- _Given information_:
=-=-=

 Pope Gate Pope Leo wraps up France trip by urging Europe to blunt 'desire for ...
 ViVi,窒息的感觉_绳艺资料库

=-=-=

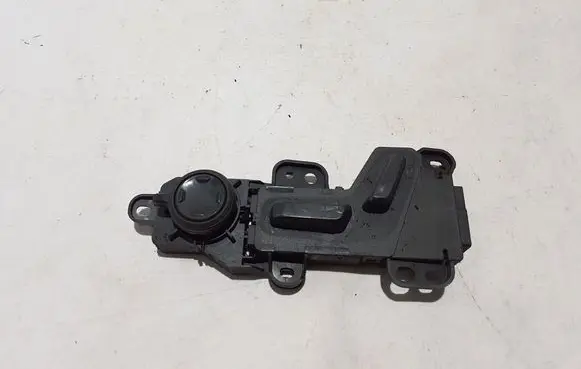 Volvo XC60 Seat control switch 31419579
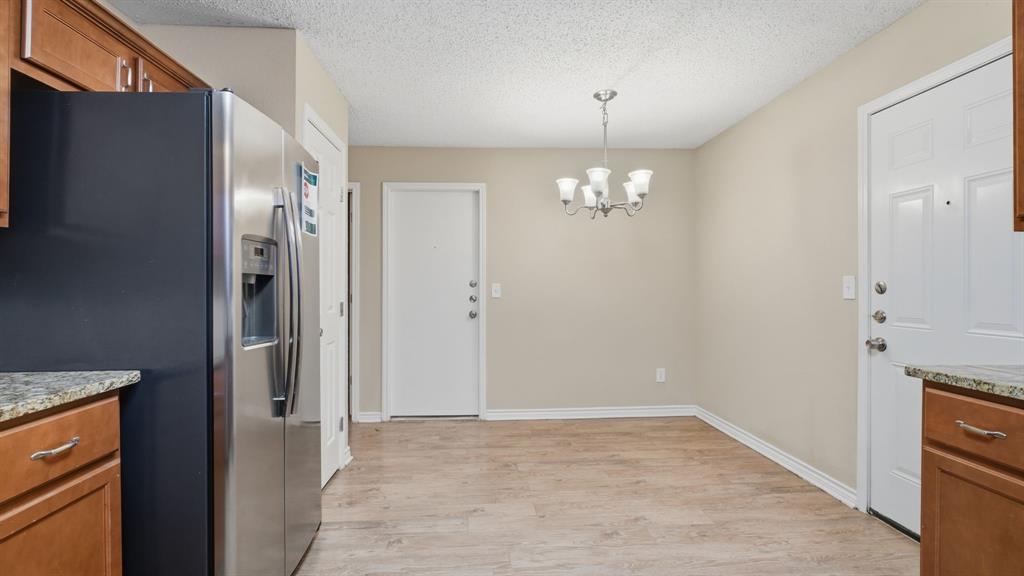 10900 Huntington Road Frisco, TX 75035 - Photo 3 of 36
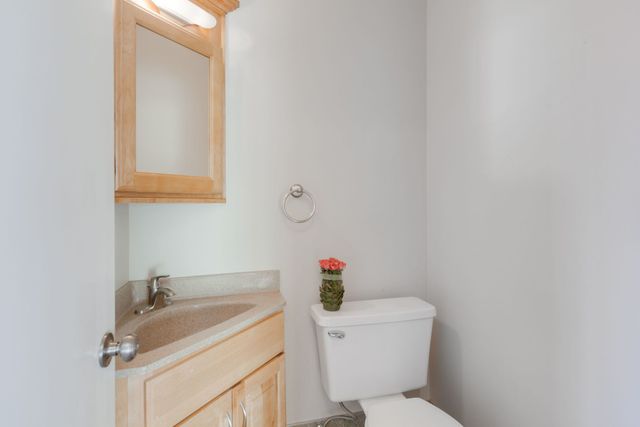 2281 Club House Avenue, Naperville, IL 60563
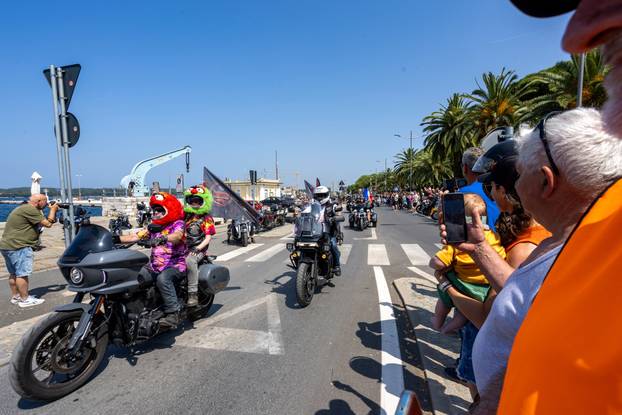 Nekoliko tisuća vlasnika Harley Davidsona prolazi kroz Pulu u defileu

=-=-=

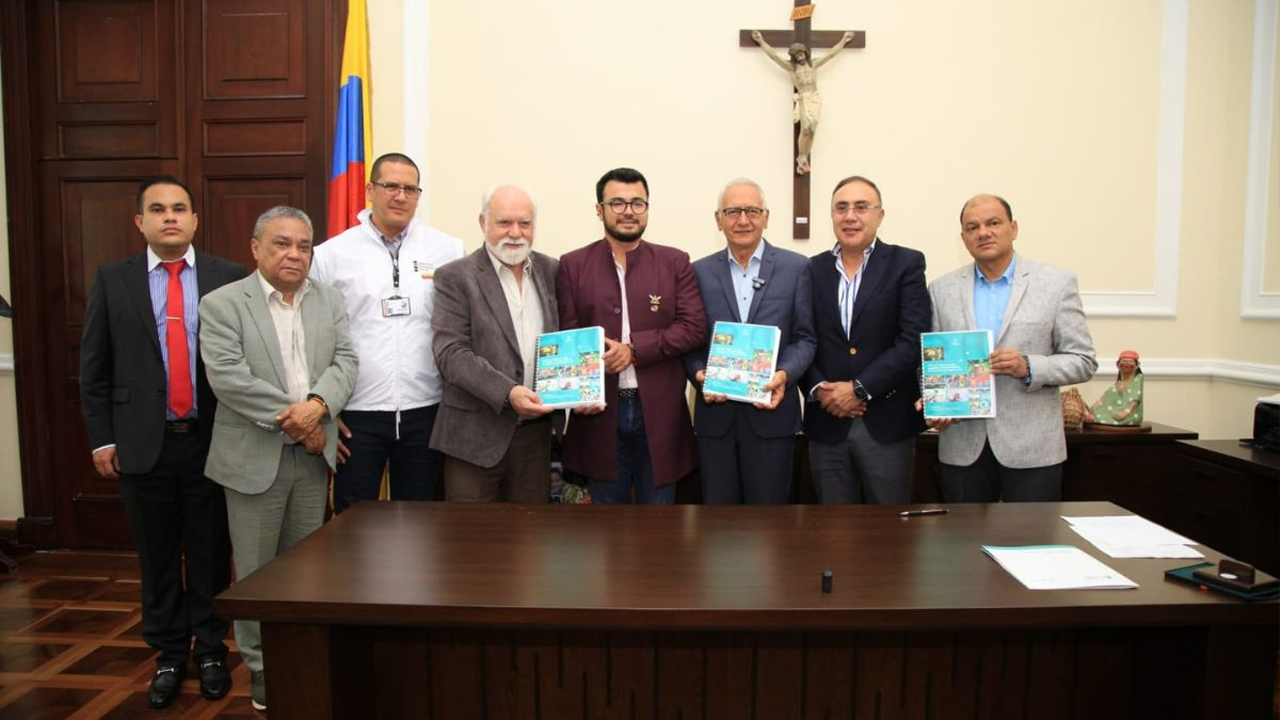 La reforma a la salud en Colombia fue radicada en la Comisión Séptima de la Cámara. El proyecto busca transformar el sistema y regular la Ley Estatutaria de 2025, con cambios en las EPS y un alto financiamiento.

=-=-=

- _Assignment_: Would you copy out, exactly and with no pictures, only the lines above from the one that contains "2281 Club House Avenue, Naperville, IL 60563" through the one that contains "Nekoliko tisuća vlasnika"?

- _Response below_:
 2281 Club House Avenue, Naperville, IL 60563
 Nekoliko tisuća vlasnika Harley Davidsona prolazi kroz Pulu u defileu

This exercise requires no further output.